## Recorded data
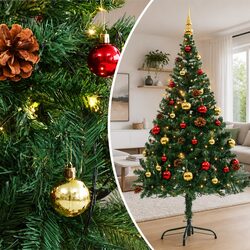 Create a Festive Space with 150cm Pre-lit Christmas Tree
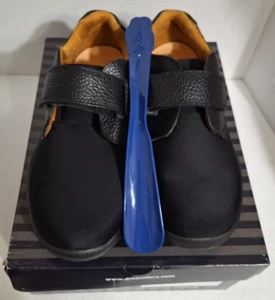 Men’s Dr. Comfort Brian Black Diabetic Shoes Size 9XW 9 Extra Wide 6910 NIB - Picture 1 of 14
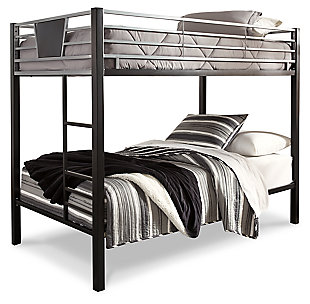 Dinsmore Twin over Twin Bunk Bed with Ladder, , large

## Directions for this task
From the first line to the last, give the data again exactly, but without pictures.

## Exercise output
 Create a Festive Space with 150cm Pre-lit Christmas Tree
 Men’s Dr. Comfort Brian Black Diabetic Shoes Size 9XW 9 Extra Wide 6910 NIB - Picture 1 of 14
 Dinsmore Twin over Twin Bunk Bed with Ladder, , large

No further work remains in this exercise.